The £40,000 prize, awarded every two years in recognition of a living writer’s lifetime achievement in literature, has been described as the “UK and Ireland Nobel in literature”.
She was described as “one of the greatest writers of the twentieth century… who has broken down social and sexual barriers for women in Ireland and beyond and moved mountains both politically and lyrically through her writing”.
Born and raised in a small village in County Clare, her first and highly successful novel, The Country Girls, was banned and even incurred a burning in the grounds of her local chapel when it was first published in 1960. Since then she has written over 20 novels, over five works of drama and four works of non-fiction including her memoir, Country Girl.
“Brilliant consistency, literary skill, courage”
She was nominated and selected by a panel of judges under the chair Mark Lawson, who said of the author: “Edna O’Brien has achieved a rare arc of brilliant consistency, her literary skill, courage, and impact as apparent in a novel published as recently as September as in her first book, which appeared 60 years ago.”

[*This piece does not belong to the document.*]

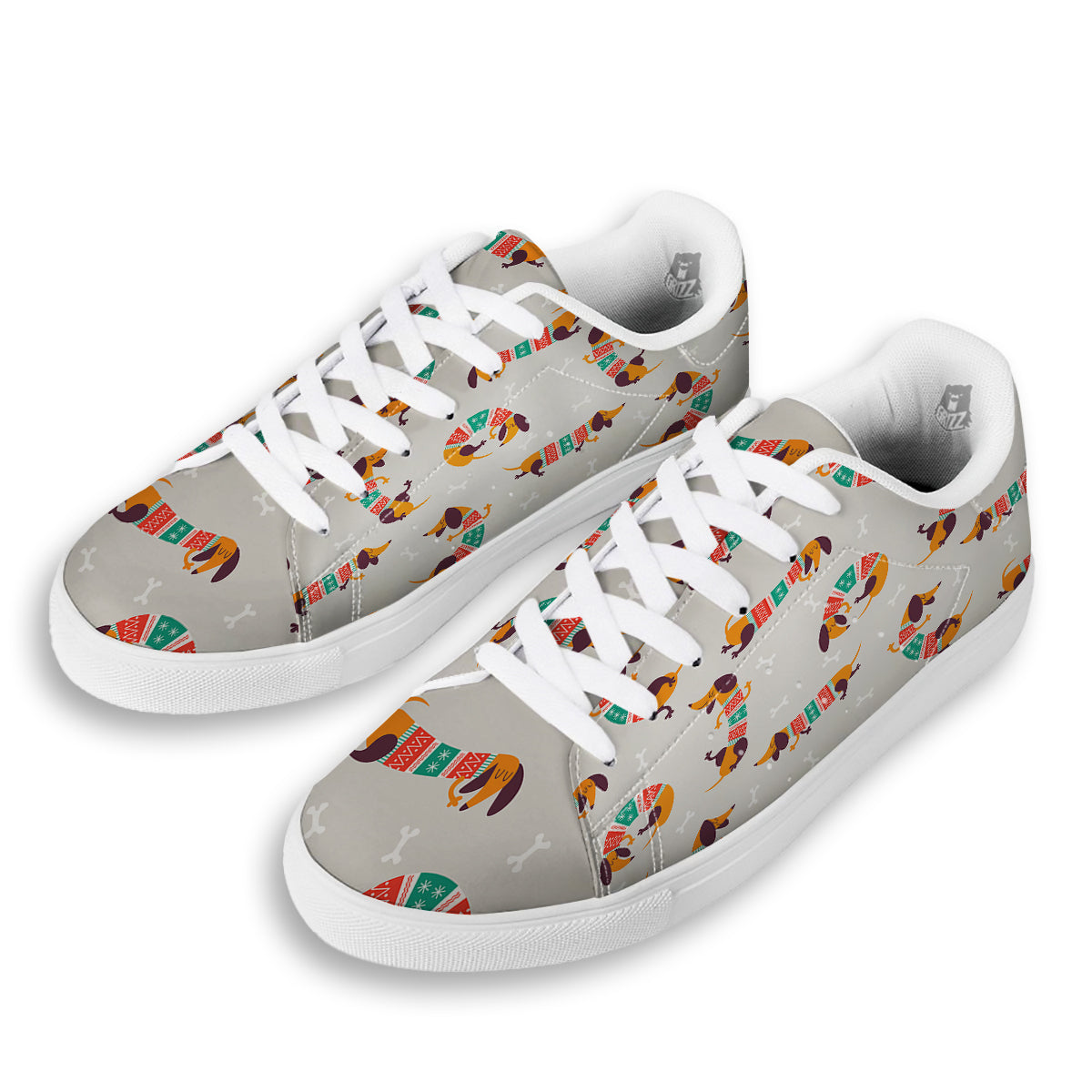 Dachshund Xmas Print Pattern White Low Top Sneakers-grizzshop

Girl, her 24th work of fiction, was published to acclaim this year, and here is the IMAGE review, printed in the October issue of IMAGE Magazine:
For Edna O’Brien’s Girl (Faber & Faber, approx €14.99), the author embarked on what she described as exhausting and sometimes fearsome journeys to Nigeria in order to adequately and truthfully portray the harrowing ordeal of young women abducted and subjected to the sadistic savagery of Boko Haram. To the jihadists who control this reign of terror, they are victims, but Maryam and the other women only fight. To hold onto themselves, to find a way home.

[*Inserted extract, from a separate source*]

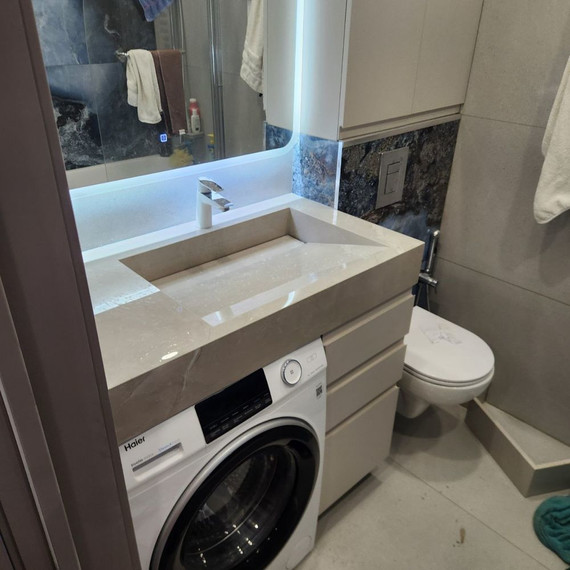 Дизайнерская раковина из керамогранита 120х60 см, цвет индивидуальный - фото 6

Taken from school when she was only a girl, her capture marks the end of any childhood innocence. This story is haunting and unflinching: one of abduction, rape and imprisonment recounted with raw detail by our Nigerian narrator. Maryam’s matter-of-factness in describing such brutal acts is heartbreaking, using her carefully hidden diary as a tool for survival; to write as a will to keep going, to never let them win. O’Brien enters new territory with this story, which is based loosely on the schoolgirl abductions of the Nigerian town of Chibok in April 2014, and the result is immensely powerful. Even in darkness, it is tinged with hope. A must-read.